* WORK TO COMPLETE *
In this exercise, print only the lines from the line with "The image shows" to the last line of the data below, inclusive. Any pictures should be left out.

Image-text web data
────────────────
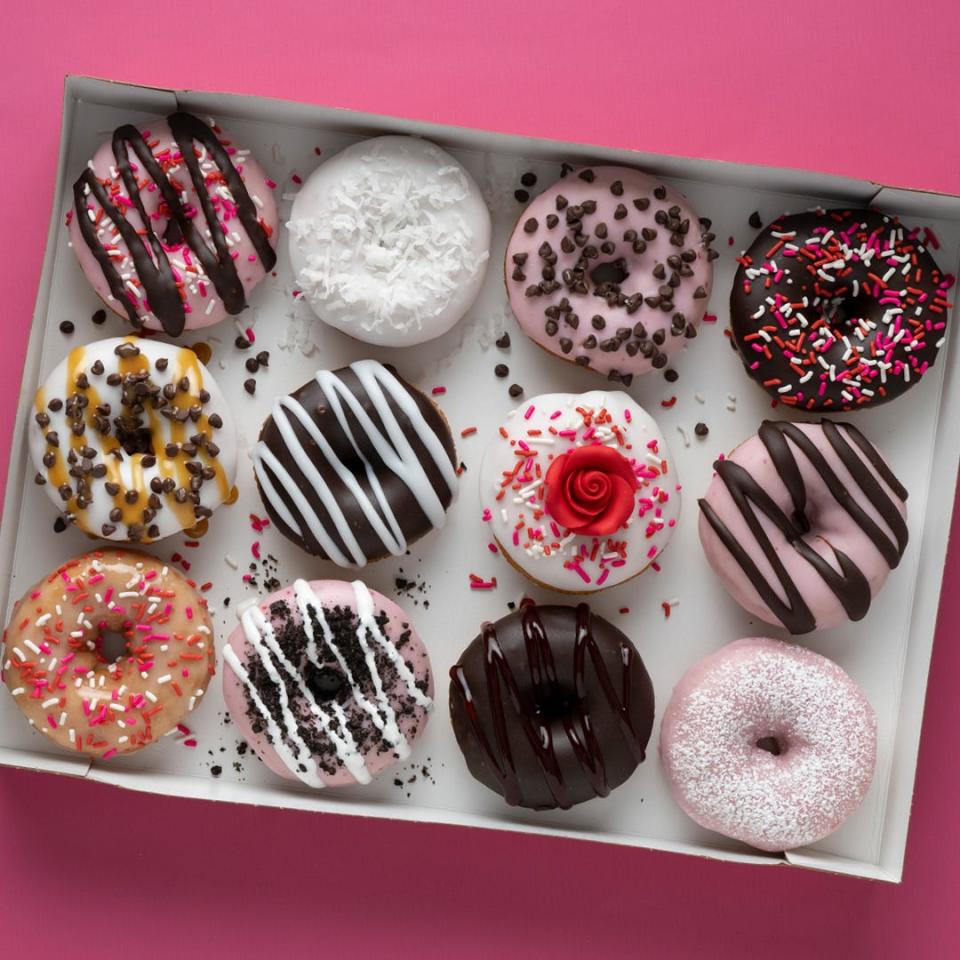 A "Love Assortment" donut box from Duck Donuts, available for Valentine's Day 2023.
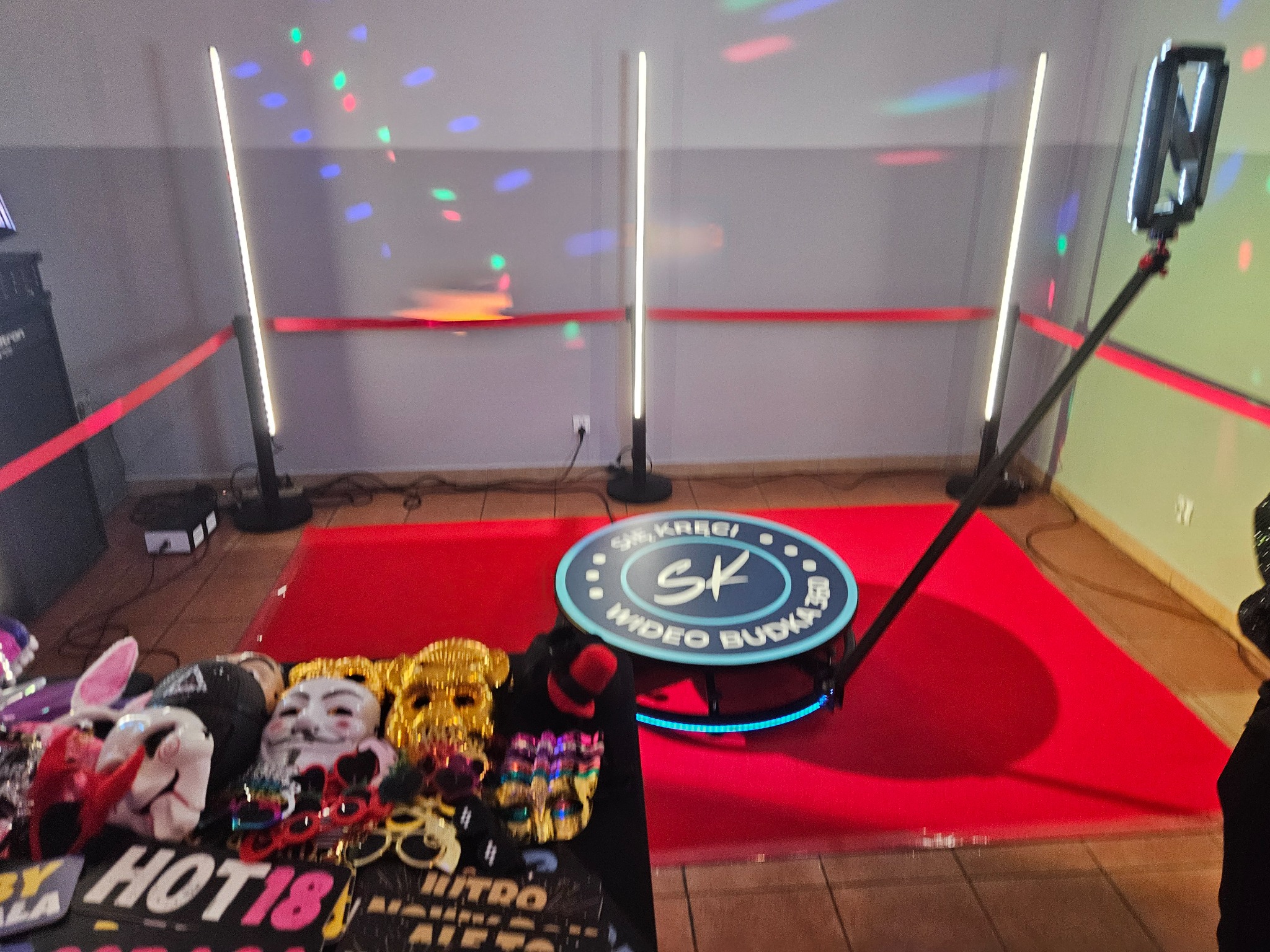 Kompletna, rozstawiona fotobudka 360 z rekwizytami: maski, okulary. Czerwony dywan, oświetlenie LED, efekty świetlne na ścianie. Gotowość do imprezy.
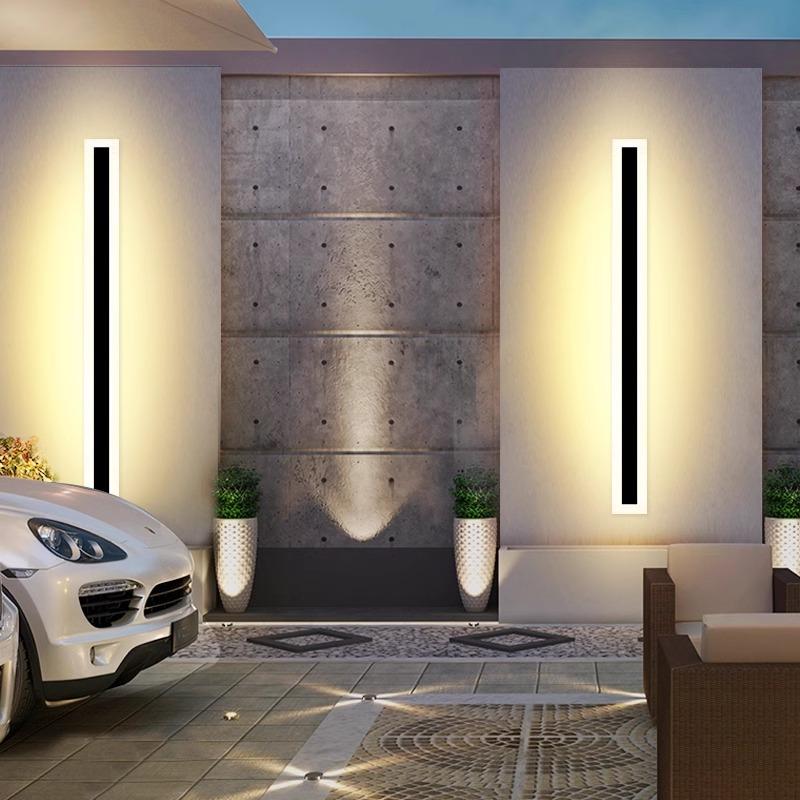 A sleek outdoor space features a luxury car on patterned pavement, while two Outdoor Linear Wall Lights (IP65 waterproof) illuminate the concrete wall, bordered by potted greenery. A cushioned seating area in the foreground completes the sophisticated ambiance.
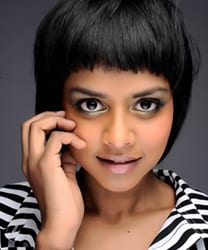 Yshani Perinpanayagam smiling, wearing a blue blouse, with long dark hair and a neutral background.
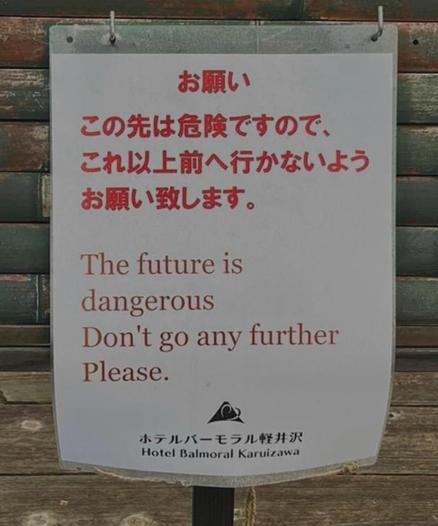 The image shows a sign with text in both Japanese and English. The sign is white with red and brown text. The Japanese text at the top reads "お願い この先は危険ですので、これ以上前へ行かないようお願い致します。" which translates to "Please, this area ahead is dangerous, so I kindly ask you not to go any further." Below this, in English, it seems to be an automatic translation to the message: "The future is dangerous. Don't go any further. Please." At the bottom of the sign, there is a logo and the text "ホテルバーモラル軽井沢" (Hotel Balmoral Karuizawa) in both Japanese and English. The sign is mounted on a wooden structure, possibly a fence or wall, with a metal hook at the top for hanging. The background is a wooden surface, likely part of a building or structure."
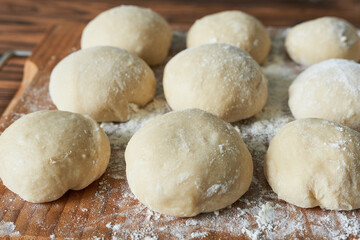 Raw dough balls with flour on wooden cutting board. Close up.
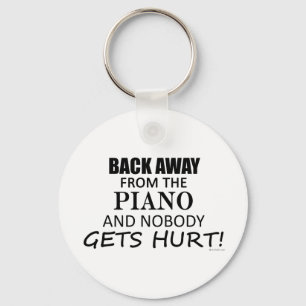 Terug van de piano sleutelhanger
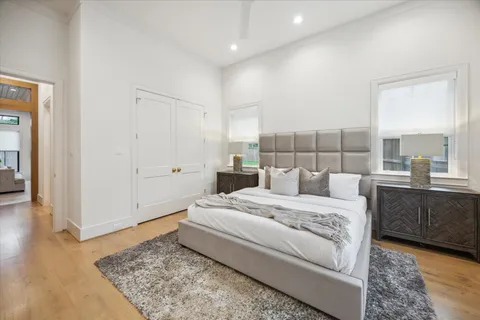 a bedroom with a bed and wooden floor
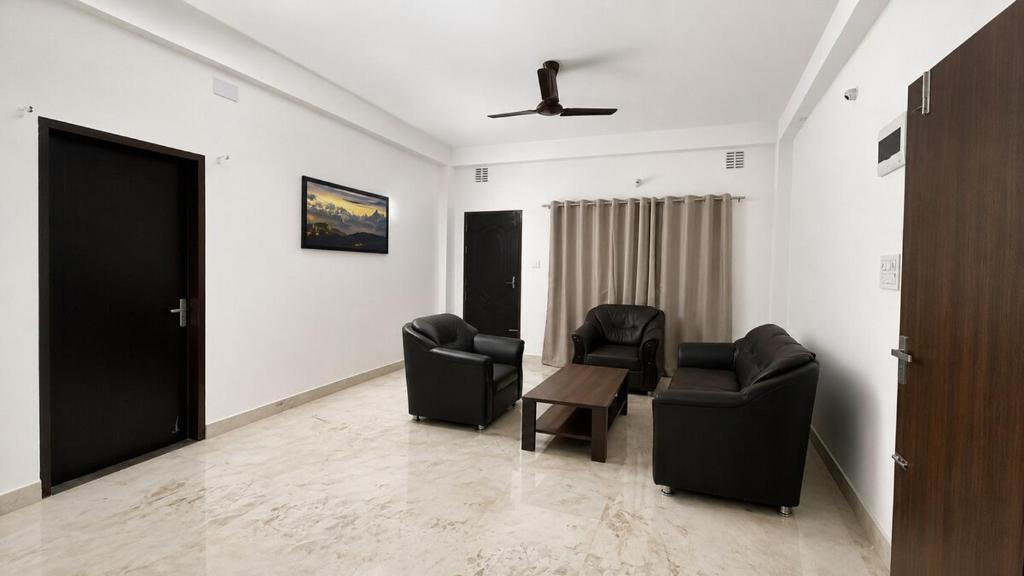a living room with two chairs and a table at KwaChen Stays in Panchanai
────────────────
* FINISHED EXERCISE *
 The image shows a sign with text in both Japanese and English. The sign is white with red and brown text. The Japanese text at the top reads "お願い この先は危険ですので、これ以上前へ行かないようお願い致します。" which translates to "Please, this area ahead is dangerous, so I kindly ask you not to go any further." Below this, in English, it seems to be an automatic translation to the message: "The future is dangerous. Don't go any further. Please." At the bottom of the sign, there is a logo and the text "ホテルバーモラル軽井沢" (Hotel Balmoral Karuizawa) in both Japanese and English. The sign is mounted on a wooden structure, possibly a fence or wall, with a metal hook at the top for hanging. The background is a wooden surface, likely part of a building or structure."
 Raw dough balls with flour on wooden cutting board. Close up.
 Terug van de piano sleutelhanger
 a bedroom with a bed and wooden floor
a living room with two chairs and a table at KwaChen Stays in Panchanai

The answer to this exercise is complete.